I am confident that Cambodia now has appropriate favorable conditions to move forward to the next higher development stage. We have maintained complete political stability and peace for more than ten years. During this period, we have built physical infrastructure assets such as roads and bridges, irrigation projects, electricity networks and communication systems in many areas of our country. The Royal Government will continue providing high priority to public investment and the construction of all kinds of physical infrastructure.
At the same time, the Cambodian economy has been actively integrated into the regional and global economy. Cambodia is endowed with a young and dynamic labor force which is keen to learn and work very hard. The labor cost in the country is low. The Royal Government is determined and strongly committed to reform key sectors to ensure macroeconomic and financial stability as well as to improving governance, enhancing institutional effectiveness and capacity development. The reforms are aimed at reducing barriers to business and facilitating active participation from the private sector. These are the pre-conditions and key requirements to move forward on the development process.
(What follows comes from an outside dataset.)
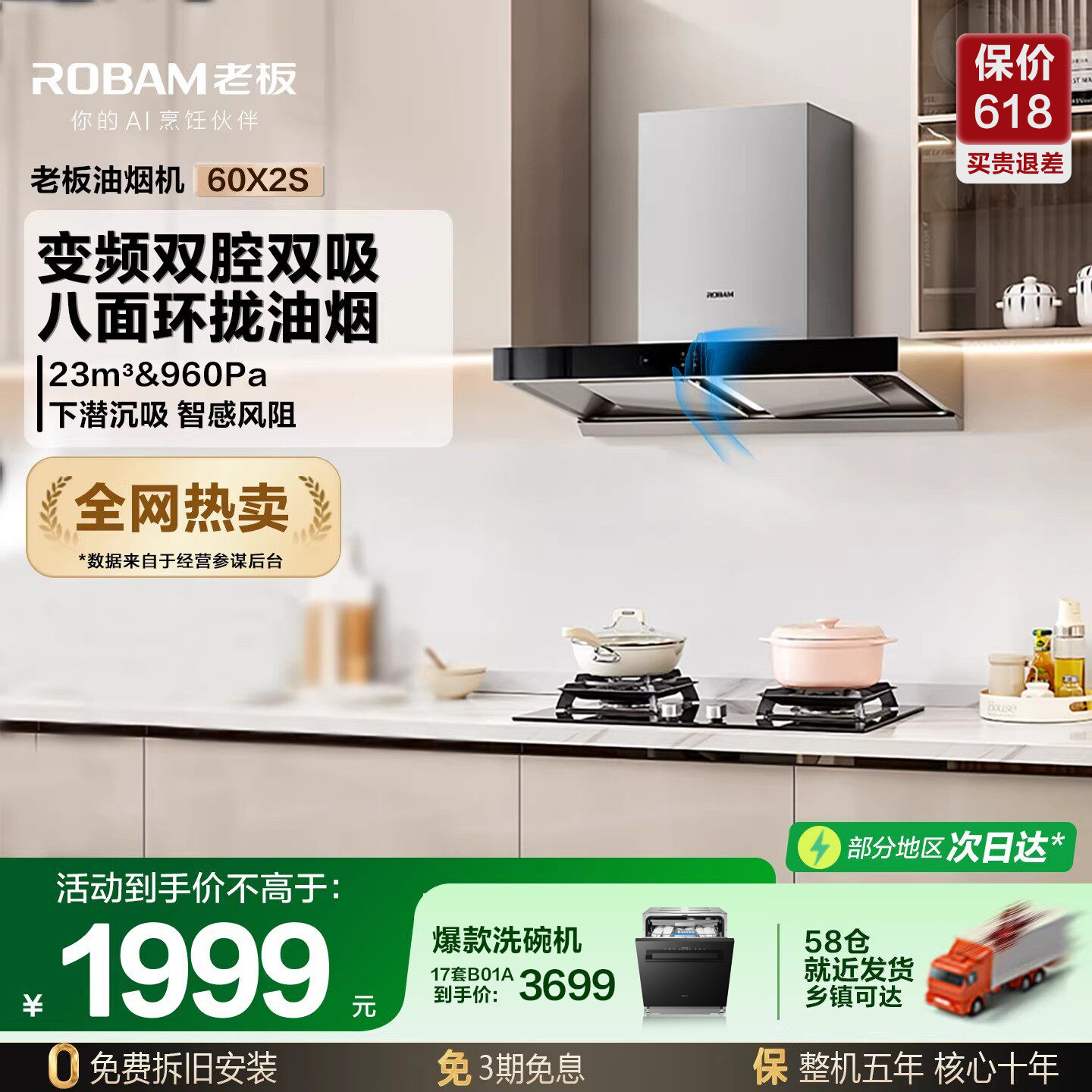 老板电器60X2S油烟机灶具套餐家用厨房大吸力烟灶套装官方旗舰店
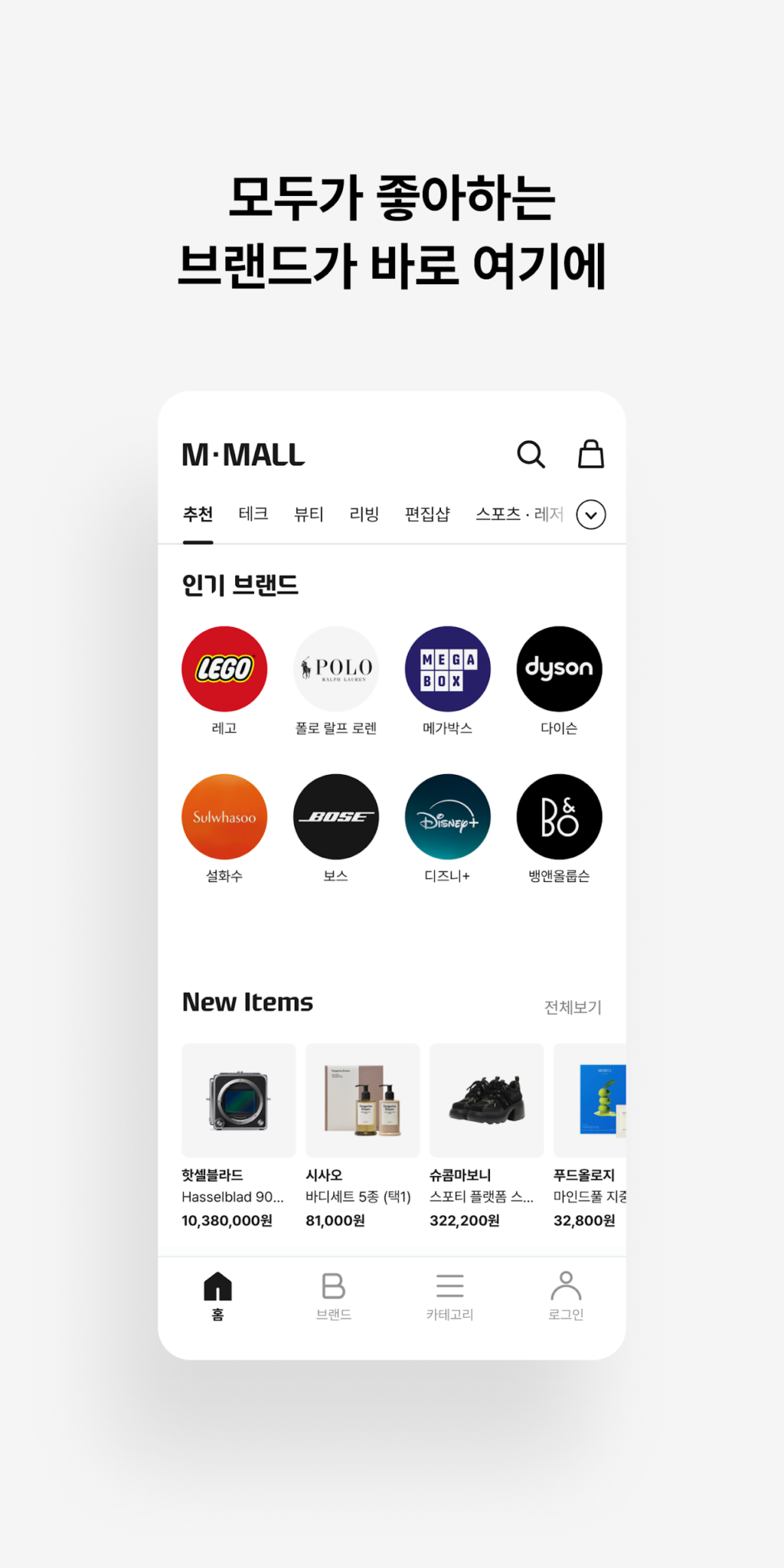 현대카드 M몰 스크린샷 3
I have already elaborated the necessity and key objectives of modernizing our national economy through an industrial development strategy for diversifying the Cambodian economy.. We might come up with some different views on the direction of Cambodia’s economy in this Forum. But I firmly believe that all of us are fundamentally agreed that Cambodia’s economy needs to be further advanced and its economic base has to be diversified by exploiting effectively and efficiently its comparative advantage in order to ensure sustainable development. This is a definitely a complicated assignment, which requires us to study in depth and carefully design a step-by-step strategy for implementation. In this spirit, I highly appreciate and welcome your constructive ideas, comments and recommendations.
Before ending, on behalf of the Royal Government and myself, I would like to take this opportunity to express my appreciation to the Supreme National Economic Council, which is the Social and Economic Policy Think Tank of the Head of the Royal Government, for organizing this Forum. I would also like to express my sincere thank to UNDP, ADB, World Bank and other Development Partners, in particular Japan and China as well as other Line Ministries and Agencies for their strong support for both technical and financial assistance to meet the capacity building needs of Cambodia. I believe that our cooperation will be further expanded in the future.
I would like to thank Excellencies, Ladies and Gentlemen, and in particular those coming from outside Phnom Penh and Cambodia for spending your valuable time to participate in this Forum.
Finally, I wish the forum a fruitful and active discussion. I am confident that your deliberations will contribute significantly to the formulation and preparation of development policies and strategies for Cambodia.
I wish you all the four gems of Buddhist blessing: Longevity, Nobility, Health and Strength. May I now declare the opening of the Fourth Cambodia Economic Forum!